MICHEL ROBERT'S TIPS
Time and confidence
All riders must understand that winning a horse’s trust is crucial for establishing a harmonious and fulfilling relationship for both. Things usually start on the ground. When one is still a few metres away, the horse picks up several signals from the sound of our footsteps, our voice, our gestures…
There is also a kind of energy code that we send out. But, compared to us horses have a different perception of the outside world.
Even though horses have lived with us for millennia, nothing should be taken for granted. Each one of them, every foal, has to go through a phase in which it accepts the human being: a bond of trust that is never permanent. The horse always retains its “comfort zone”.
Personally, it is when first making contact on the ground that I start to create the communication code to be established between the horse and myself. The way in which he reacts when I approach him gives me precious indications as to how I will ride him. Observing his behaviour when I talk to him, allows me to understand in advance whether or not my voice will be an effective aid.

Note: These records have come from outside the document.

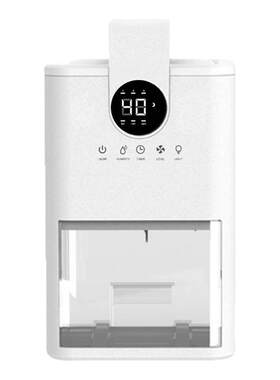 优选泰坦迷你桌面空气除湿机家用小型浴室用室内轻音衣柜用除湿器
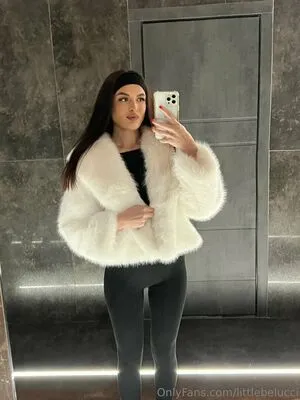 Littlebelucci OnlyFans Leaked Free Thumbnail Picture - #qJTMB2e0ym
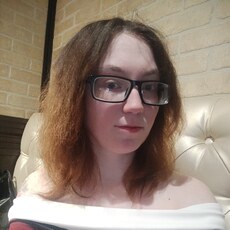 Фотография девушки Кристюша Эрдман, 28 лет из г. Новый Городок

The main goal is that horses should learn to trust one, which is why it is critical to spend a lot of time with them, listening to them as much as possible and having an overall outlook. I touch them, I pat them, I talk… and observe the horse’s reactions.
In general, problems can be solved calmly and gently. Whipping a horse that doesn’t want to get on the horsebox, punishing him if he rejects being clipped or saddled, will only lead to increasing its unease and there will be consequences.
You are certainly going to say: “Yes, it’s a good idea, but I don’t have the time”. And I am going to answer, “If the horse returns the harm you inflicted you risk wasting a lot of time to remedy these consequences…”.
For this reason, we must devote a lot of time to understanding the horse’s needs, we must always reward them even for the smallest progress, and, above all, we must spend a lot of time together, not only in the saddle.
From the book: Michel Robert, “Secrets and methods of a great champion”.